Birçok sektörde üretim maliyetlerinde önemli bir payı oluşturan işçi ücretleri özelinde, sosyal güvenlik kesintilerini bir örnek olarak ele alalım: Çalışanlar için ülkemizde ödenen sosyal güvenlik primi oranları dünyanın birçok ülkesindeki oranlardan daha yüksektir. Bununla birlikte, özel sektör çalışanlarının Sosyal Sigortalar Kurumu’na tabi olması halen bir zorunluluktur. SSK, bu tekel hakkını kullanarak ve kendi işleyişinden kaynaklanan verimsizlikleri sübvanse etmek üzere, çalışanlardan adaletsiz bir şekilde yüksek sosyal güvenlik primleri talep etmektedir. Bir taraftan, sigortalı işçi çalıştırmanın yüksek maliyetleri ve dolayısıyla rekabet imkanının kısıtlanması; diğer taraftan vergi ve prim gibi ödemelerin adaletsizce alındığı inancı, girişimcilere kaçak işçi çalıştırmayı mazur göstermektedir. Türkiye’de halen birçok saygın özel sektör kurumunun kayıtlarında, çalışan işçi sayısı gerçek sayının altında gösterilmekte ve/veya işçi ücretleri, kayıtlarda gerçekte olduğundan çok düşük bedellerle yer almaktadır.

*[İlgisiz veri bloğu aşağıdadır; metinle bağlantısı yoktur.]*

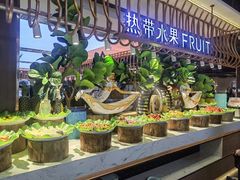 -九寸花汀海鲜烤肉自助(中东迪克店)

Diğer taraftan, on yıllardır yüksek enflasyon ortamında çalışan özel sektördeki kurumlar, kazançlarını enflasyonun etkisinden arındırmaksızın beyan etmek zorunda oldukları için zaman zaman elde etmedikleri gelirlerin vergisini vermek durumunda kalmışlardır. Adil ve makul bir vergileme yaklaşımı için vergi kanunlarında yer alan kazanç tespit esaslarının, enflasyon muhasebesi ve diğer “Uluslararası Muhasebe Standartları” ile uyumlu hale getirilmesi gerekmektedir.

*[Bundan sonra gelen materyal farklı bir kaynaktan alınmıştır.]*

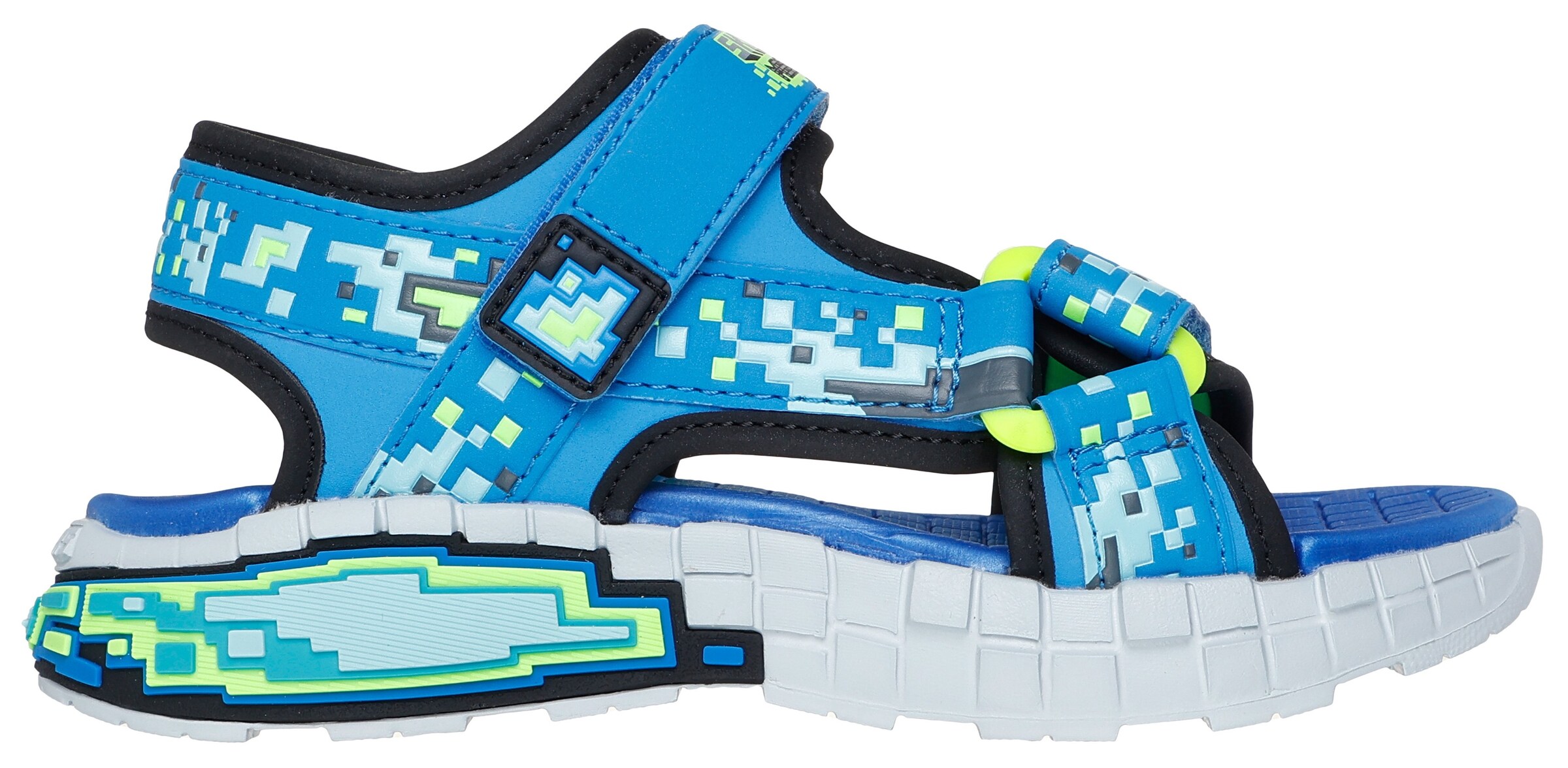 SKECHERS Sandale in Blau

Ekonomiyi kayıt altına alma girişiminin öncesinde, vergi sisteminin basit, adil ve gelişmiş bir yapıya kavuşturulması gerekiyor. Böylelikle, mükelleflerde, elde ettikleri (gerçek) kazançlar üzerinden ve makul bir ölçüde vergiye tabi tutulacakları inancı pekiştirilecek ve sisteme daha fazla gönüllü katılım sağlanabilecektir. Halen yürürlükte olan yüksek vergi, prim ve harç oranlarının düşürülmesi, mali yükümlülüklerin azaltılarak girişimciler açısından kolaylıkla kabul edilebilir seviyelere indirilmesi gerekiyor.

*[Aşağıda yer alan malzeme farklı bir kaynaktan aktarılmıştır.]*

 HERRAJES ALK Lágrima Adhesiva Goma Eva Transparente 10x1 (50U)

Öte yandan damga vergisi, işlem harçları, veraset ve intikal vergisi gibi ekonomik aktivitenin önünde direnç oluşturan; ticari işlemlerin ve para transferlerinin gizlenmesini teşvik eden; fazlaca kırtasiye yükü ve yasal düzenleme gerektiren ve toplamda Hazine’ye ciddi bir getirisi olmayan (yükte ağır, pahada hafif) vergi ve harçların tamamen kaldırılması gerektiği görüşündeyiz. 
Mali sistemin ve bu sistemdeki mali yükümlülüklerin basit, anlaşılır, makul ve adil bir yapıya kavuşturulmasına yönelik çalışmalar sonrasında (ya da eşzamanlı olarak), kağıt para hareketlerinin sınırlandırılmasına ve kaydî paranın ekonomideki payının artırılmasına yönelik düzenlemeler hayata geçirilebilir. Bu çalışmalar esnasında, vergi kimlik numarası uygulamasının etkin kullanımı yoluna gidilerek (Maliye İdaresi ile bankacılık sistemlerinin entegrasyonu sonrasında) mali denetimlerin teknoloji yardımıyla ve çok daha etkin bir şekilde takibi sağlanabilir.
Kayıtdışı ekonominin toplam ekonomi içindeki payının azaltılması, hem ekonominin serbest piyasa ortamında işleyişinin daha etkin bir şekilde sürdürülmesi, hem de vergi gelirlerinin artırılması açısından önem taşımaktadır. Türkiye’de verimli bir şekilde çalışan, gelişmiş bir piyasa ortamının ve sağlıklı bir ekonominin oluşması için kayıtdışı ekonominin payının azaltılması yönünde çalışmalara ihtiyaç duyulmaktadır. Bu amaca yönelik çözümlerde, bürokratik ve güvensizliğe dayanan yöntemler yerine güven esasına dayanan, basit, anlaşılır ve modern yöntemlerin uygulanması gerekmektedir.